Considering the period of time spent in the incubator, it's understandable she is hyposensitive to touch even around the mouth (despite the intubation tubes which usually results in hypersensitivity around the mouth). Pacifier is a good self-soothing means for her, but we recommended to use it only for a certain period of time in a day because she gets overly fixated and we do not have learning experience in those moments.
R. tries to communicate with us within her limits. She gives us smiles, reacts to what we say, rarely she says baba for “grandma” and she used a gesture for “more” once or twice. Other than that, she takes an adult by their hand and takes them to the desired object. Her body schema is not integrated, she does not control her sphincters, but she can cross her midline.

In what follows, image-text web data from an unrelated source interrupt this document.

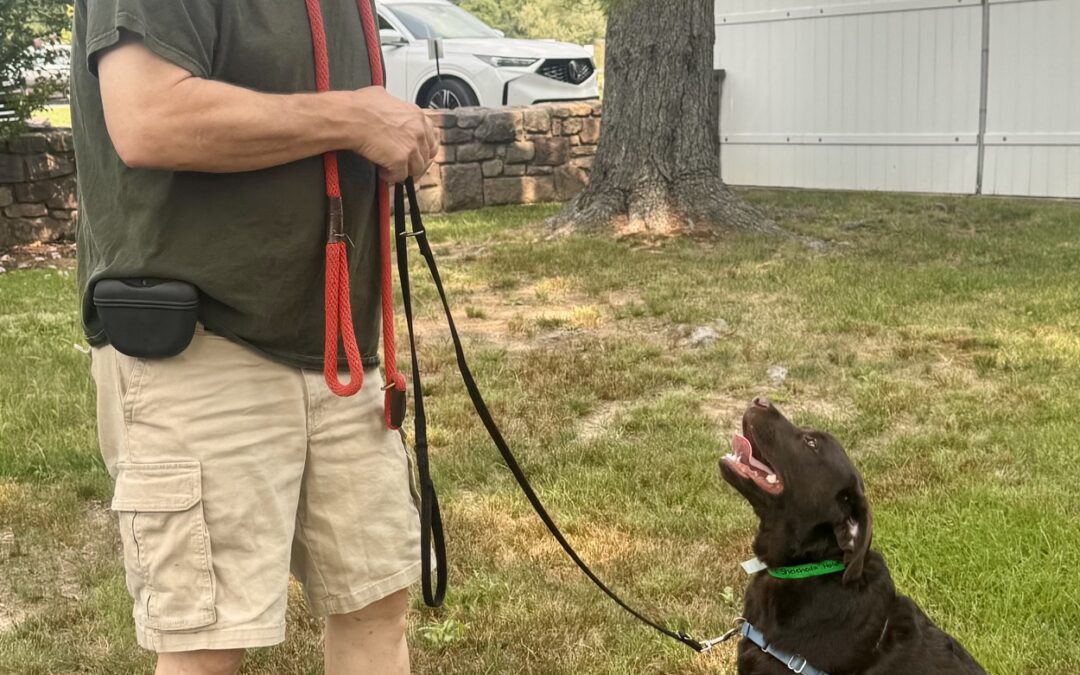 Back to School for Your Dog: Learn, Play & Thrive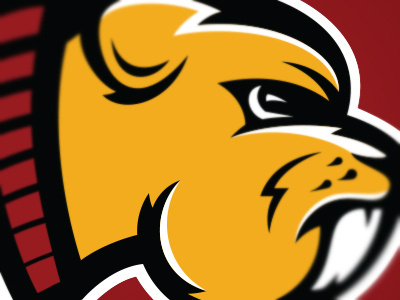 Minnesota Golden Gophers, logo branding college golden gopher gophers identity logo mascot rebrand sports team university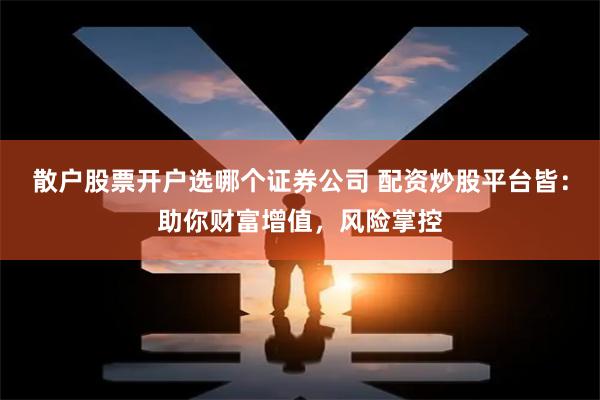 散户股票开户选哪个证券公司 配资炒股平台皆：助你财富增值，风险掌控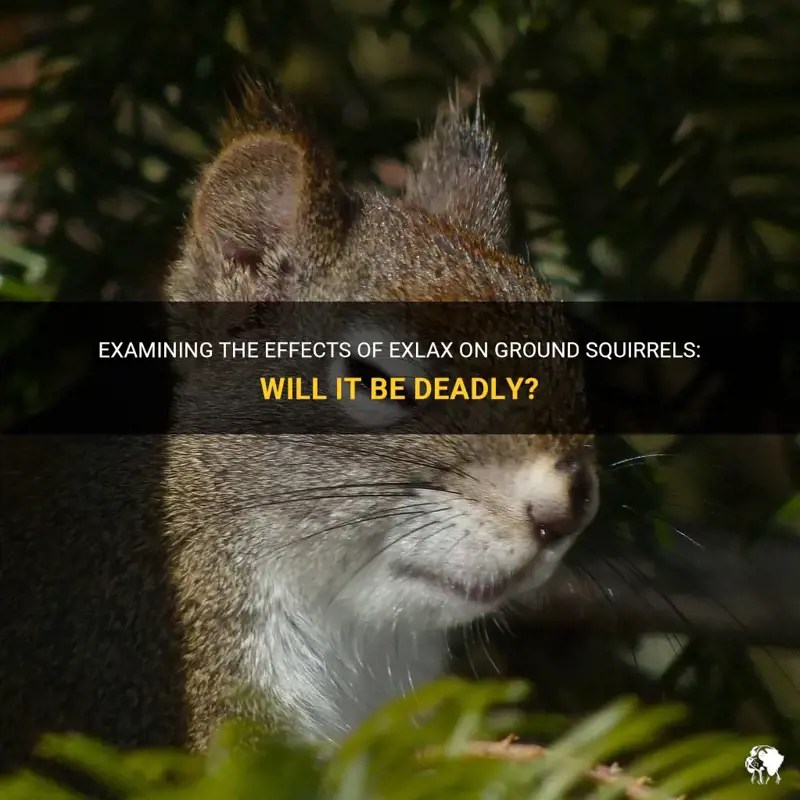 Examining The Effects Of Exlax On Ground Squirrels Will It Be Deadly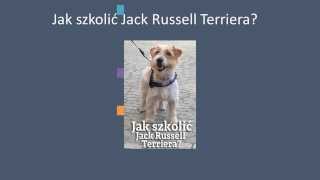 Jak szkolić Jack Russell Terriera szkolenie szczeniaka tresura w domu JRT [upl. by Trevorr975]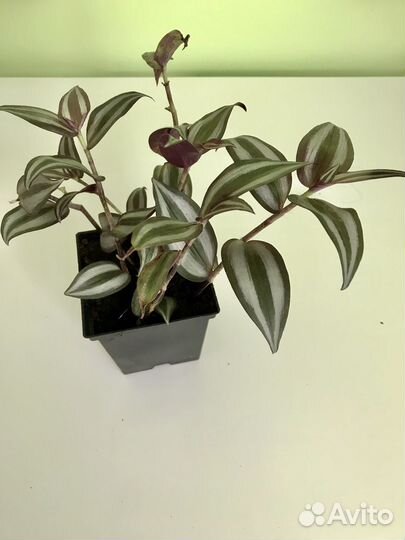 Традесканция зебрина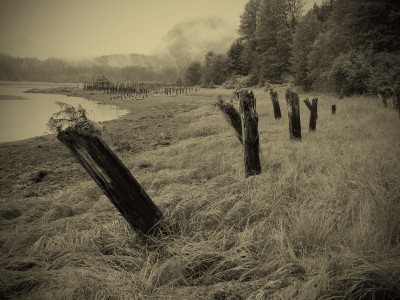 Taku Harbor Cannery Pilings, Alaska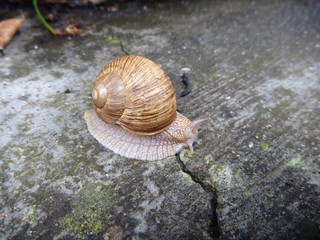 snail with a shell on a grey tile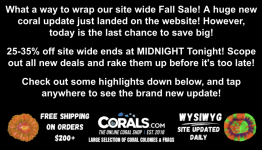 Screenshot 2025-09-30 at 12.01.37 PM.png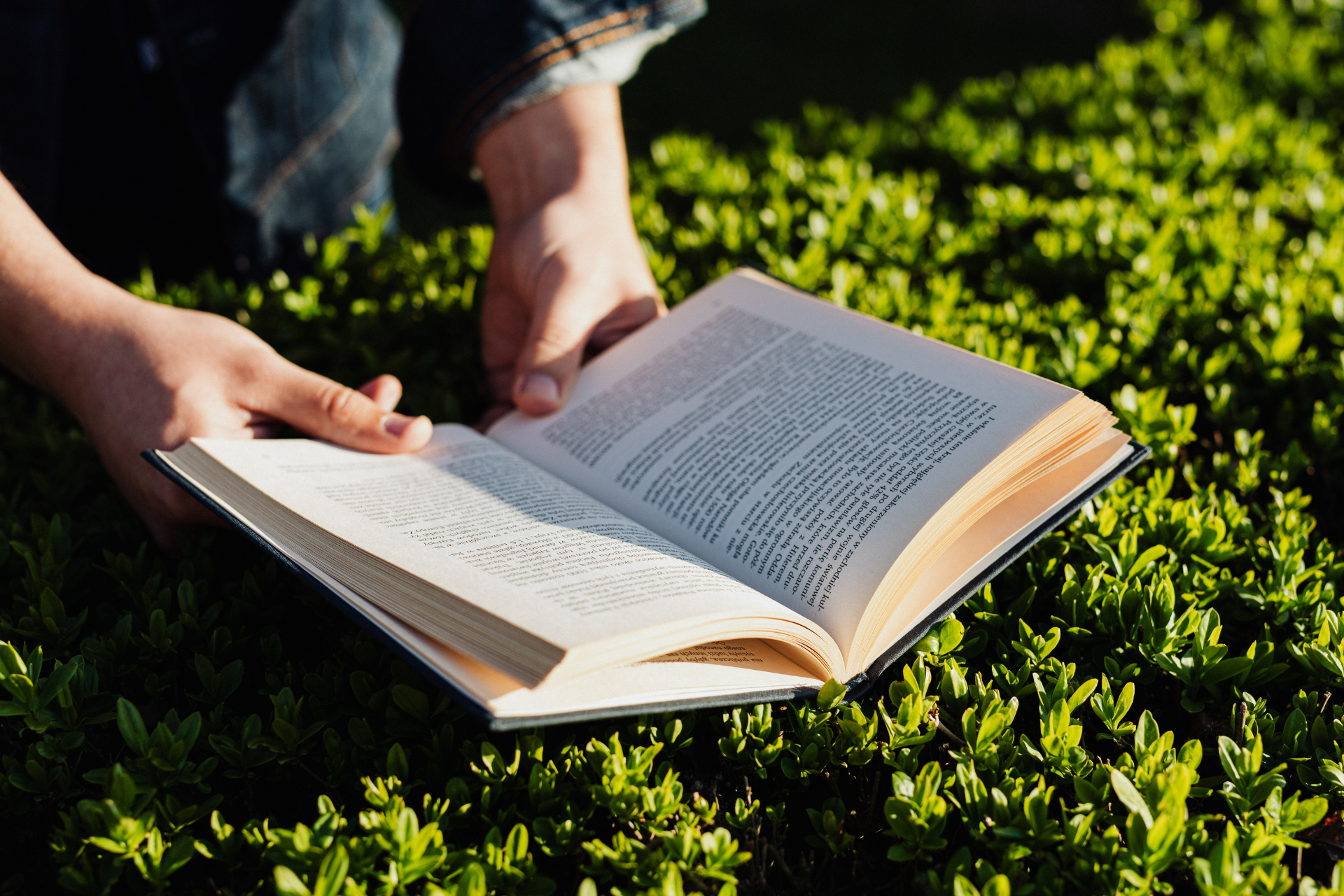 7 livros perfeitos para quem quer voltar a ler e recuperar o hábito da leitura 43 7 livros perfeitos para quem quer voltar a ler e recuperar o hábito da leitura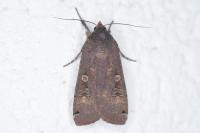 Noctua pronuba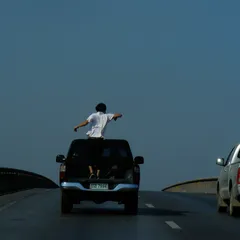 Unknown Forces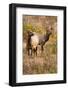 Elk cows grazing and looking for danger.-Larry Ditto-Framed Photographic Print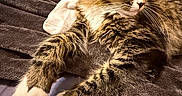 Nori joined the competition — help win amazing prizes! bed, bedroom, blanket, cat, close_up, cozy, domestic_animal, fur, indoor, longhair_cat, paw, pet, portrait, relaxed, sleeping, tabby, towel, whiskered_face, whiskers, white_paws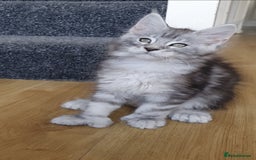 Maine Coon cats for sale: pure reg maine coon kittens - Image 1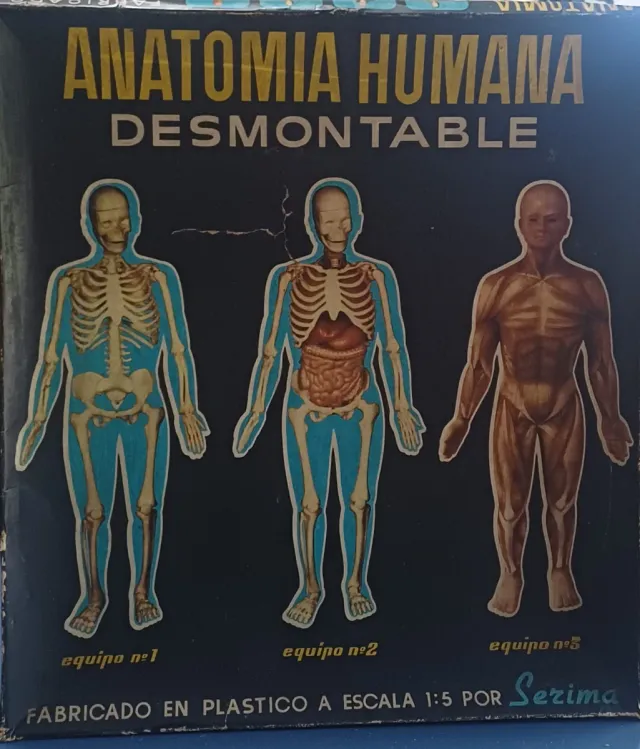 Anatomia Umana Smontabile Serima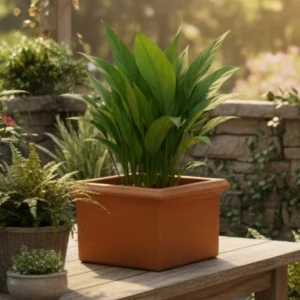 Macetas cuadradas de plástico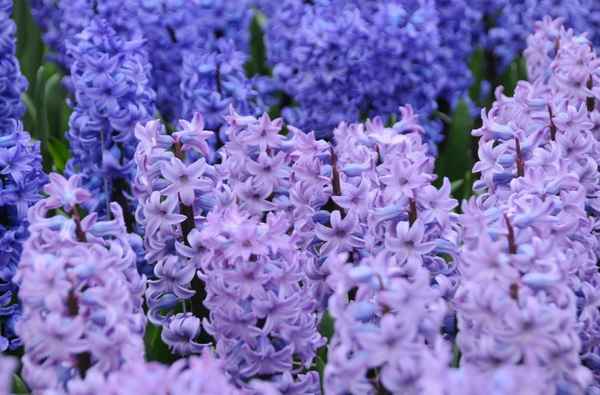 Гиацинт: чудо среди цветов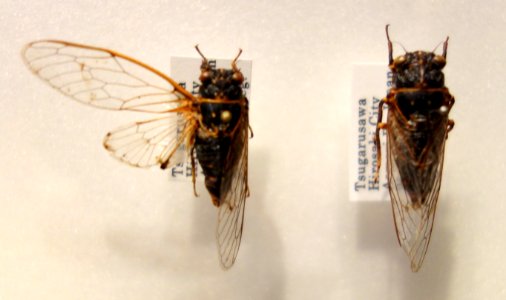 Cicadetta radiator - National Museum of Nature and Science, Tokyo - DSC06844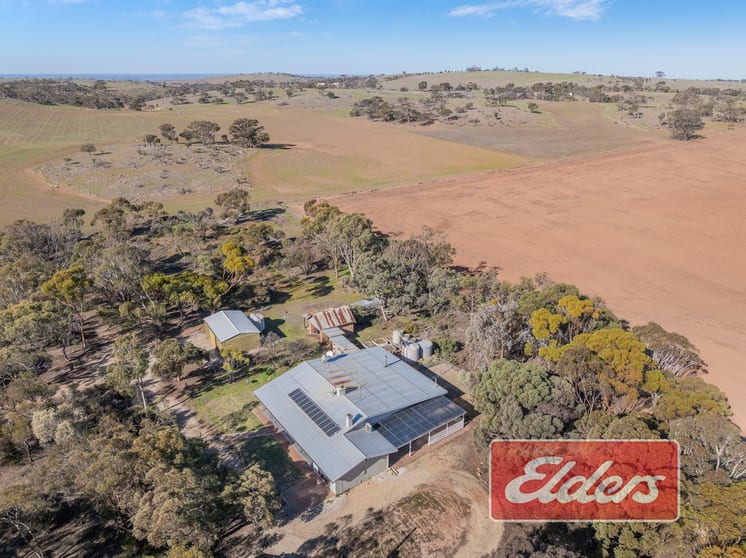 Click to view all images 58 Oaklands Road Dutton SA 5356 - Image 1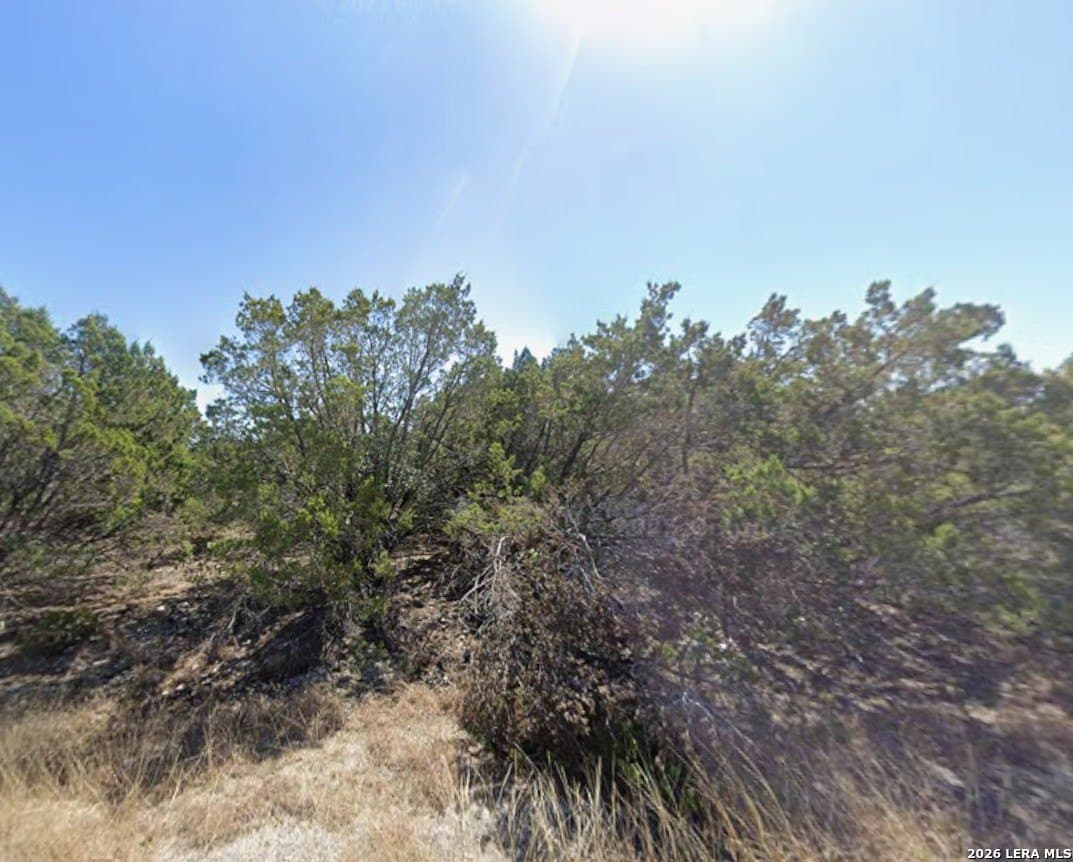 0.23 acres in Travis County gallery image 2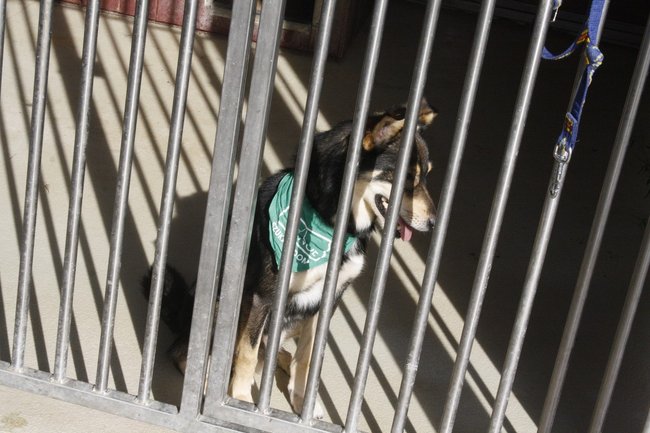 Znalazły nowy dom - zdjęcia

In this period of one year, that R. was in our program, we worked a lot on regulating her and giving her means of self-regulation. We did that mostly through a combination of proprioceptive and tactile stimulation considering her emotional instability and a low body schema integration. Those moments when she had good self regulation, without any stereotypical movements, we used for learning (eye contact, gestures, words like mama, making cause and effect situations like throwing a ball onto a xylophone because she prefers auditive stimuli, going through an obstacle course, introduction of new textures and play with a ball).
Case discussion will be held in croatian language.
Since she has better regulation and less stereotypical activities, we proposed some other skills for our goals: changing her clothes, learning opening – closing of doors and manipulating objects with her hands as well as communications with pictures, gestures accompanied with verbal expression.
Also, it would be good to include in the therapy process one of her parents to be able to multiply activities at home to have better and faster results.